_Exercise goal_
Copy exactly the lines of the data below, beginning with the line with "Resale - Villa" and ending with the line with "211K views ·". Pictures are to be omitted.

_Exercise data_
────────────────────────────────────────

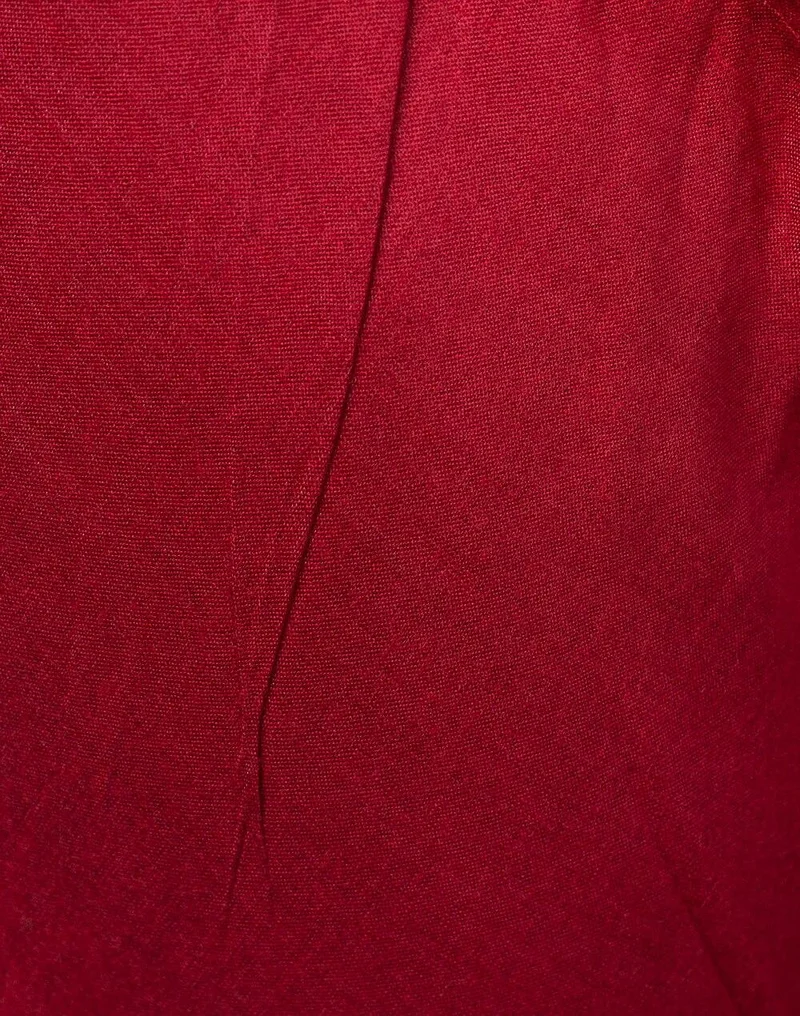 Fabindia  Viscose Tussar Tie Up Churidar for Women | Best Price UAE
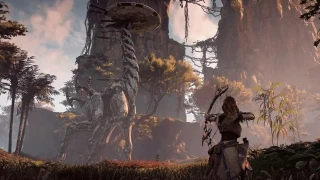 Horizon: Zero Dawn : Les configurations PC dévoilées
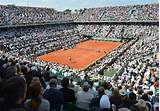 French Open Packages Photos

────────────────────────────────────────

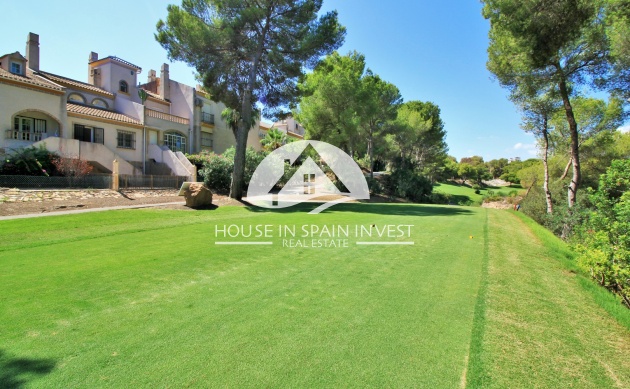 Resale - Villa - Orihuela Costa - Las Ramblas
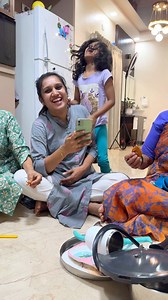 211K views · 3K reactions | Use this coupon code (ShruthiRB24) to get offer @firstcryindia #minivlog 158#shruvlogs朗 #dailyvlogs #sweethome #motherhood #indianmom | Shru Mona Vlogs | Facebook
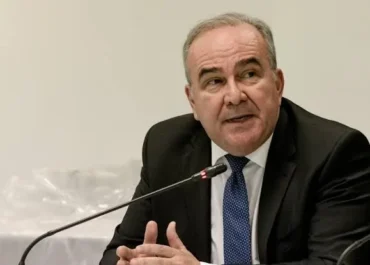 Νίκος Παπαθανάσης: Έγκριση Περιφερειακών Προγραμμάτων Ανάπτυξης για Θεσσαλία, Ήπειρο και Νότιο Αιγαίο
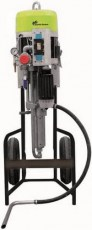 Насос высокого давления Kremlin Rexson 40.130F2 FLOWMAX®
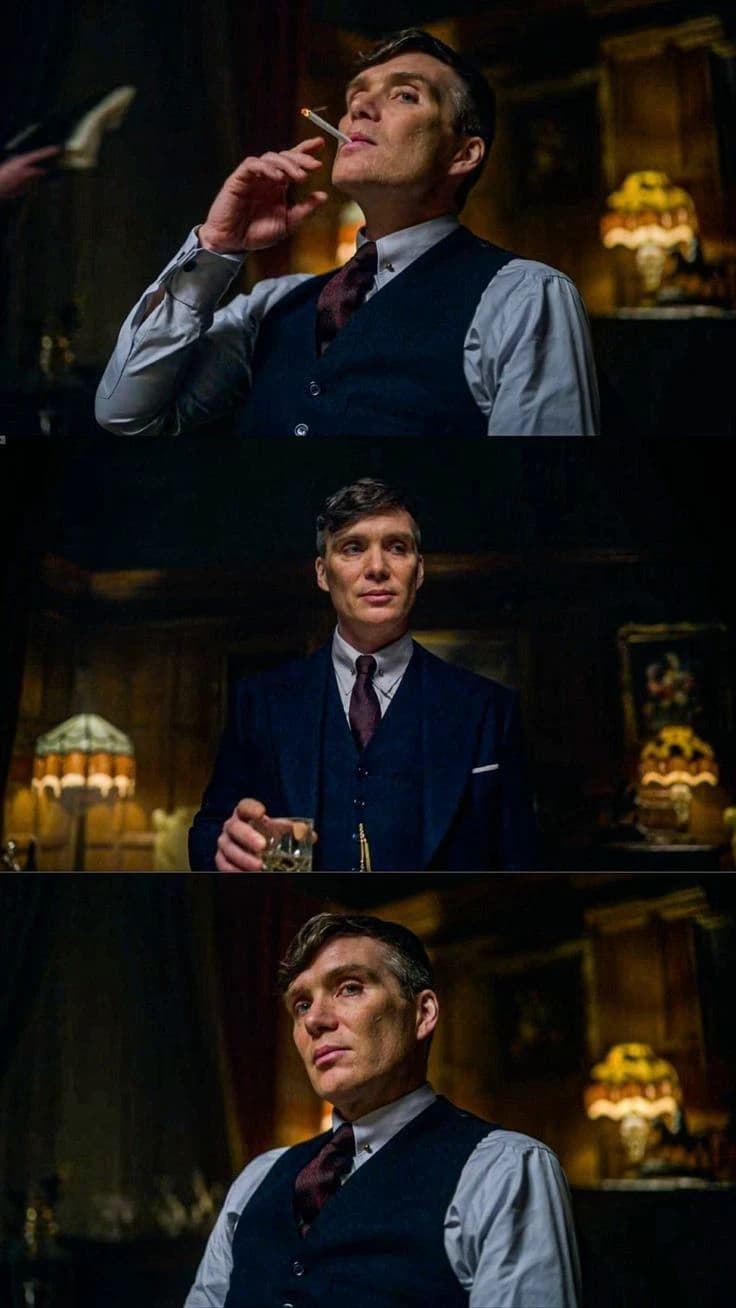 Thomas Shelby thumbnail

────────────────────────────────────────

_Output_
 Resale - Villa - Orihuela Costa - Las Ramblas
 211K views · 3K reactions | Use this coupon code (ShruthiRB24) to get offer @firstcryindia #minivlog 158#shruvlogs朗 #dailyvlogs #sweethome #motherhood #indianmom | Shru Mona Vlogs | Facebook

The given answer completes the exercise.